** INFORMATION SHOWN **

------------------------------

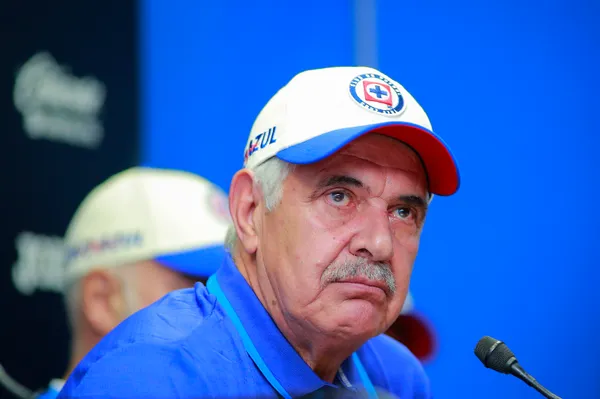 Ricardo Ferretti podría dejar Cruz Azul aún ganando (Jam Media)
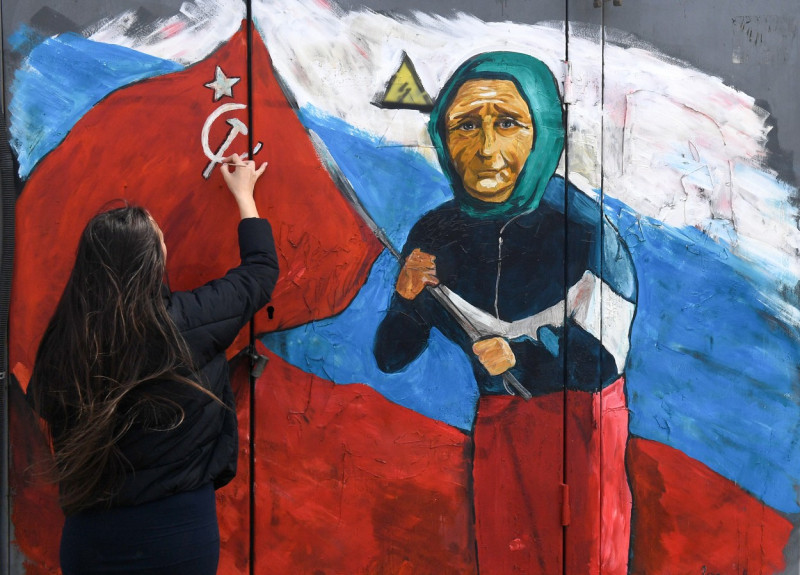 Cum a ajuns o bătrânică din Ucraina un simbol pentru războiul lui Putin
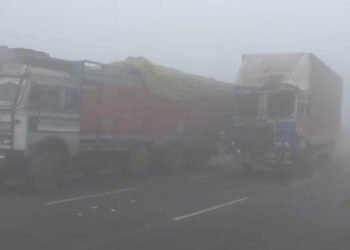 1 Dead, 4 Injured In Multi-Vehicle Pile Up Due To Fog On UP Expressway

------------------------------

** TO DO **
With pictures excluded, the data must be transcribed in full and to the letter.

** SOLVED EXERCISE **
 Ricardo Ferretti podría dejar Cruz Azul aún ganando (Jam Media)
 Cum a ajuns o bătrânică din Ucraina un simbol pentru războiul lui Putin
 1 Dead, 4 Injured In Multi-Vehicle Pile Up Due To Fog On UP Expressway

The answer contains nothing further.